Measuring the (Un)Faithfulness of Concept-Based Explanations
Shubham Kumar, Narendra Ahuja
TL;DR
This work critiques how faithfulness of unsupervised concept-based explanations (U-CBEMs) has been measured, arguing that prior surrogates and deletion proxies can overstate faithfulness while remaining interpretable. It introduces SURF, a simple, linear surrogate that uses concept activations and importances to predict model outputs, paired with two cross-output metrics (SURF_MAE and SURF_EMD) to gauge faithfulness across all classes. A measure-over-measure sanity check shows SURF uniquely preserves faithfulness under increasing randomization, enabling a fair benchmark across six U-CBEMs on multiple tasks; results reveal that many state-of-the-art U-CBEMs are not faithful. SURF also provides a principled way to choose the number of concepts, demonstrating different trade-offs between interpretability and fidelity. The authors suggest adopting SURF as a standard faithfulness benchmark for future work and release the code publicly.
Abstract
Deep vision models perform input-output computations that are hard to interpret. Concept-based explanation methods (CBEMs) increase interpretability by re-expressing parts of the model with human-understandable semantic units, or concepts. Checking if the derived explanations are faithful -- that is, they represent the model's internal computation -- requires a surrogate that combines concepts to compute the output. Simplifications made for interpretability inevitably reduce faithfulness, resulting in a tradeoff between the two. State-of-the-art unsupervised CBEMs (U-CBEMs) have reported increasingly interpretable concepts, while also being more faithful to the model. However, we observe that the reported improvement in faithfulness artificially results from either (1) using overly complex surrogates, which introduces an unmeasured cost to the explanation's interpretability, or (2) relying on deletion-based approaches that, as we demonstrate, do not properly measure faithfulness.
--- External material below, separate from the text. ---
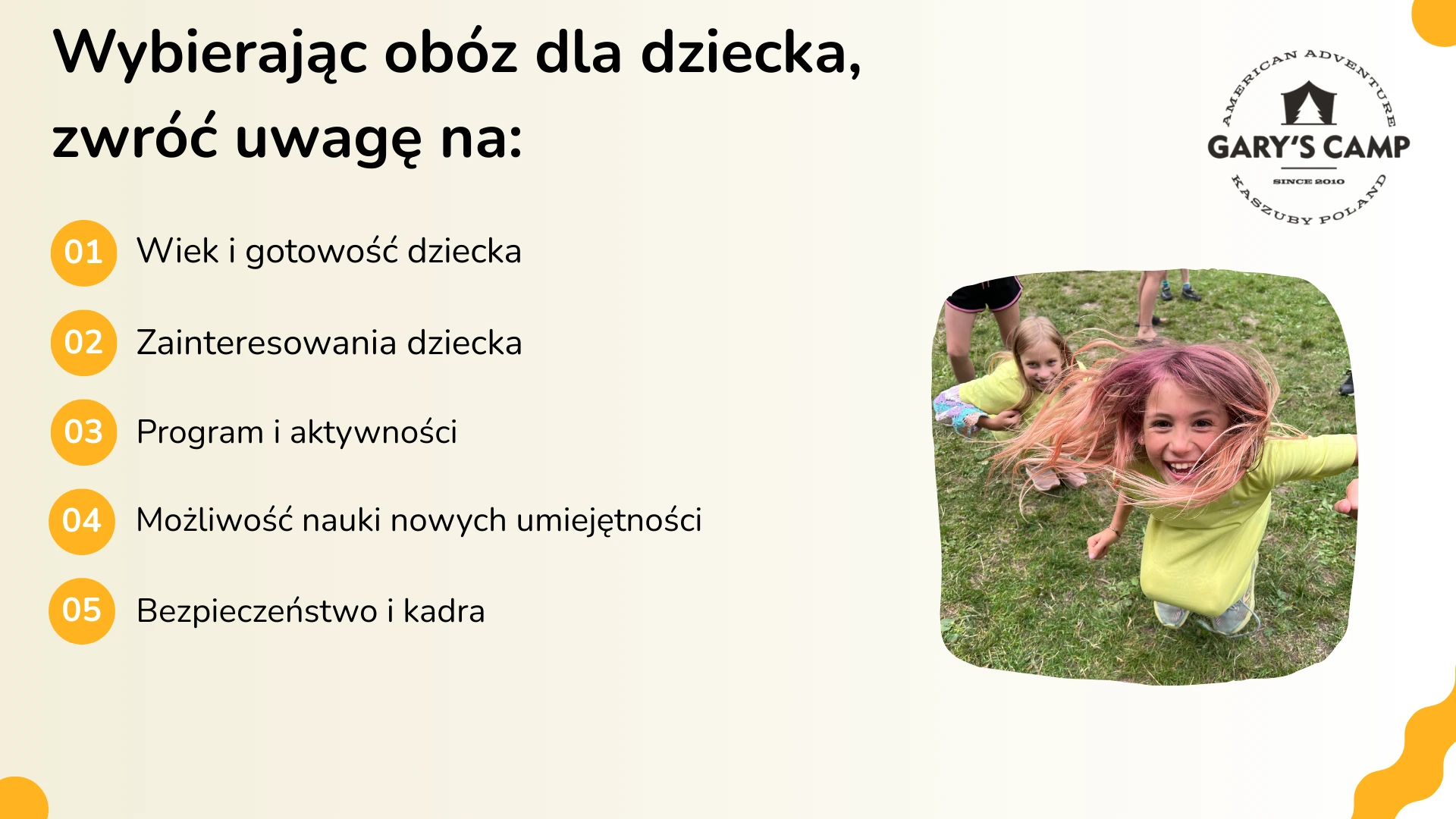 Wybierając obóz dla dziecka zwróć uwagę na
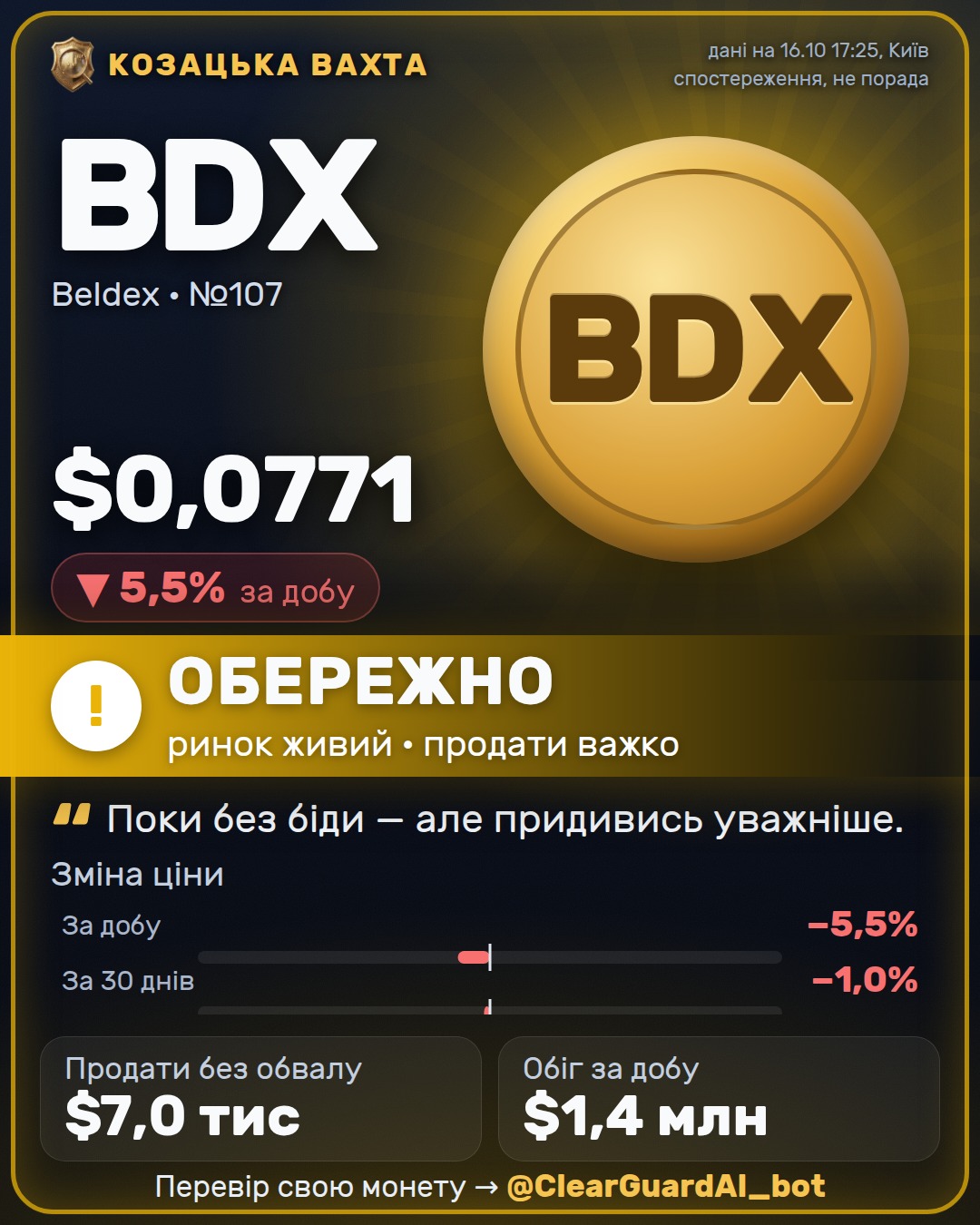 BDX · Beldex — ЗДОРОВА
We propose Surrogate Faithfulness (SURF), which (1) replaces prior complex surrogates with a simple, linear surrogate that measures faithfulness without changing the explanation's interpretability and (2) introduces well-motivated metrics that assess loss across all output classes, not just the predicted class. We validate SURF with a measure-over-measure study by proposing a simple sanity check -- explanations with random concepts should be less faithful -- which prior surrogates fail. SURF enables the first reliable faithfulness benchmark of U-CBEMs, revealing that many visually compelling U-CBEMs are not faithful. Code to be released.